Completamente desnecessária a perquirição do elemento culpa no caso em estudo, bastando, para que se configure a responsabilidade civil objetiva e o consequente dever de indenizar, na forma da Teoria do Risco do Empreendimento, a existência de nexo de causalidade entre a conduta da empresa e o dano sofrido pelo autor (art. 14, CDC), e nós avistamos tal nexo in casu, já que a ré agiu abertamente em desacordo com os ditames legais do diploma regulador das relações de consumo, bem como com o Código Civil.

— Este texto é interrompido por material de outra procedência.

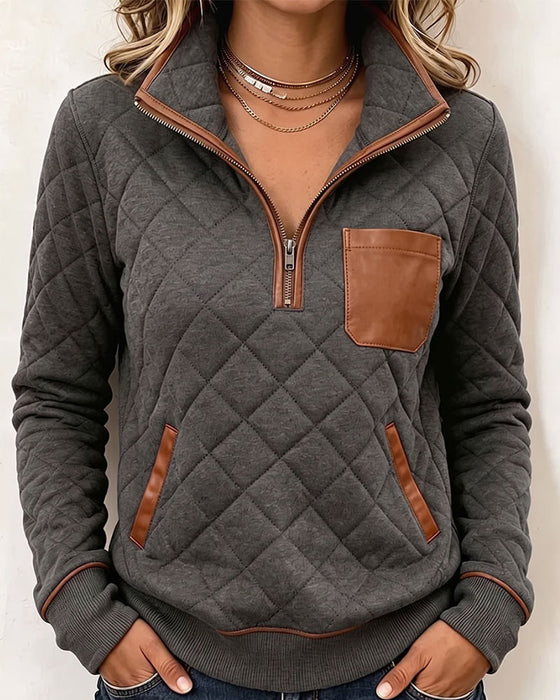 Bluza Argyle Pół Zamek Kołnierz
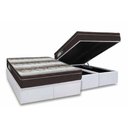 Ver imagem 1 de Cama Box Baú Queen Colchão Ortopédico Ortobom Light + Base Crc Courano White 158x198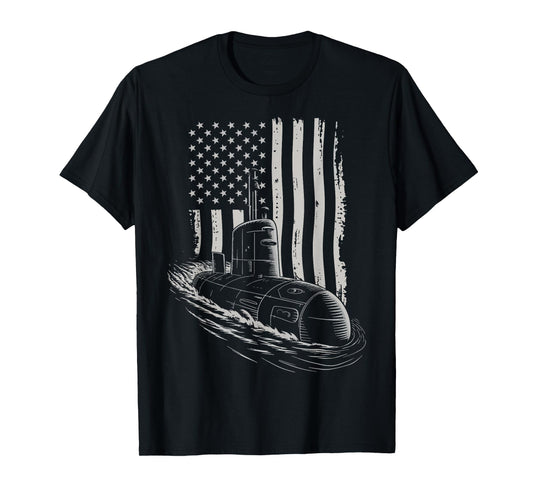 Submarine USA Flag Veteran 4th of July T-Shirt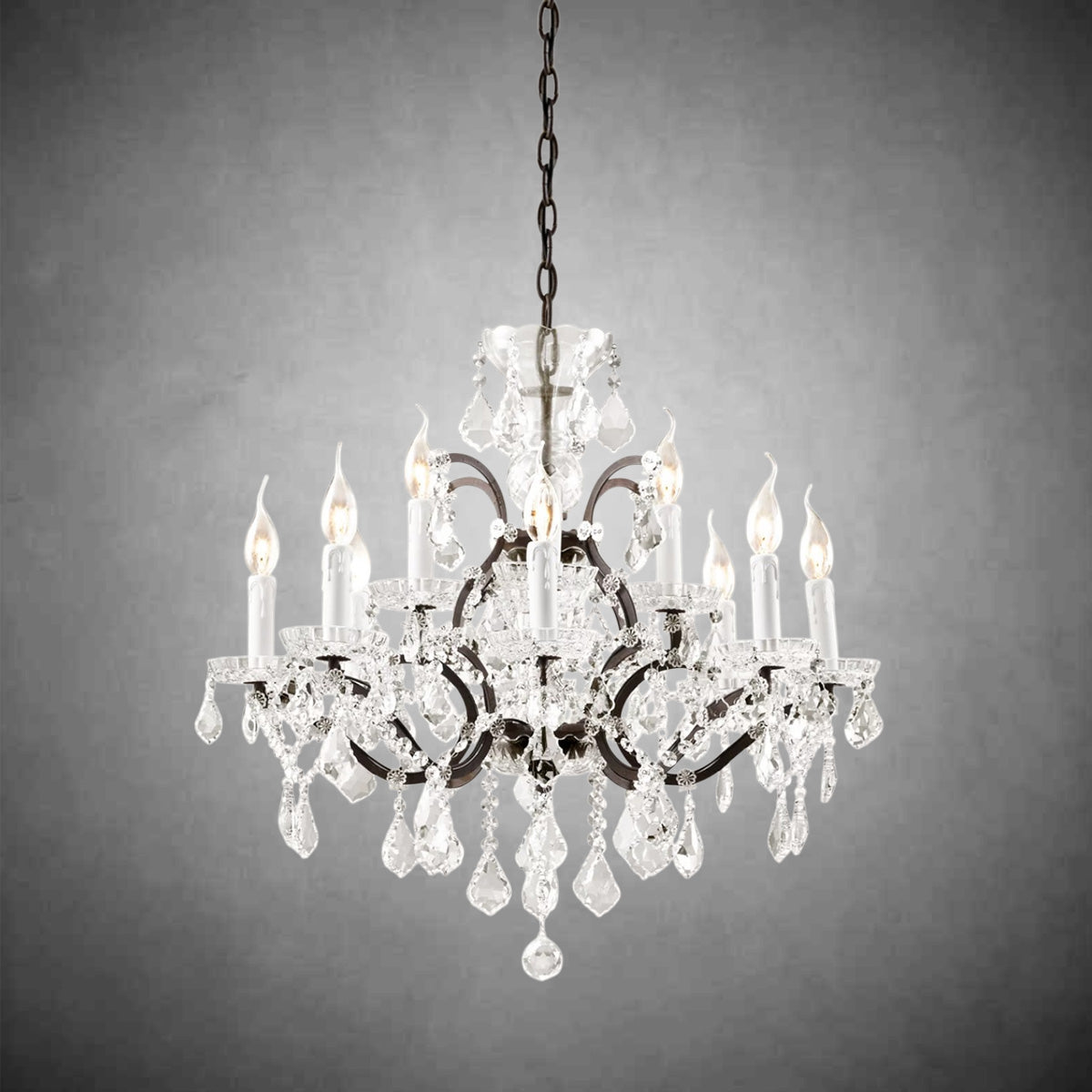 XINYUE Rococo Iron & Crystal Round Chandelier 28''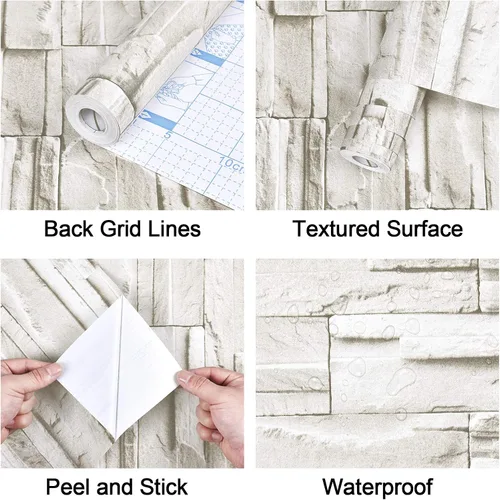 Vista 7 de WENMER Papel tapiz de ladrillo 3D para despegar y pegar de 17.7 x 78.7 pulgadas, papel tapiz de ladrillo sintético, autoadhesivo, extraíble, papel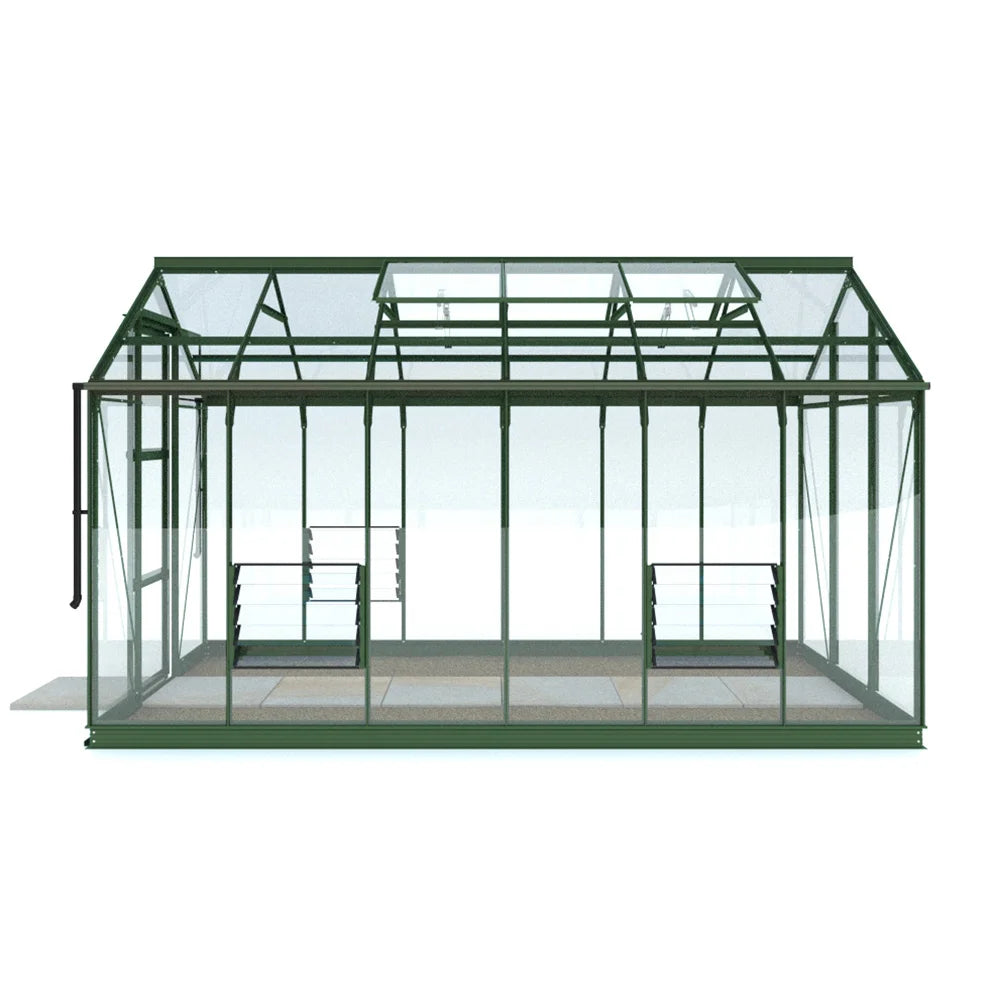 Rhino Greenhouse with a green metal frame and transparent glass panels. It features two sets of angled shelves inside, set on a plain, solid floor in a neutral space.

Dessa feita, diante da certeza de que o serviço prestado pela demandada foi inadequado e ineficiente, a responsabilização civil da mesma pelos danos causados é medida imperativa.
O débito em questão deverá, desta feita, ser declarado inexistente, na forma do art. 43, §1º, do CDC, e nos termos do que se pede em exordial, para todos os fins de direito, bem como deverá haver baixa definitiva na restrição, sob pena de multa cominatória diária a ser estabelecida no dispositivo desta decisão, nos termos do que pediu a parte autora em sede de exordial.
Superada a questão declaratória c/c tutela específica, procedo à análise do pleito por danos morais.
Adiante, sabe-se que o dano moral no caso de negativação indevida é in re ipsa, isto é, decorre diretamente da ofensa, de tal modo que, comprovado o ilícito, demonstrado estará o dano de ordem extrapatrimonial.
Dispensada, pois, qualquer cogitação sobre prova da dor no caso em estudo.
Em outro giro, mostra-se equivocada a tese de que o ato em comento apenas caracterizou um mero aborrecimento ou um simples descumprimento contratual.
Isto porque, é notório que o autor experimentou, com a negativação, de forma presumida, situação de angústia e desconforto que extrapolou a normalidade.
Resta incontroverso que a cobrança e consequente negativação, com base em débito inexistente, são indevidas, uma vez que jamais houve comprovação da contratação de serviço, e restou a autora com débito por ela não contraído, assim como com a inscrição indevida de seu nome nos órgãos de proteção ao crédito.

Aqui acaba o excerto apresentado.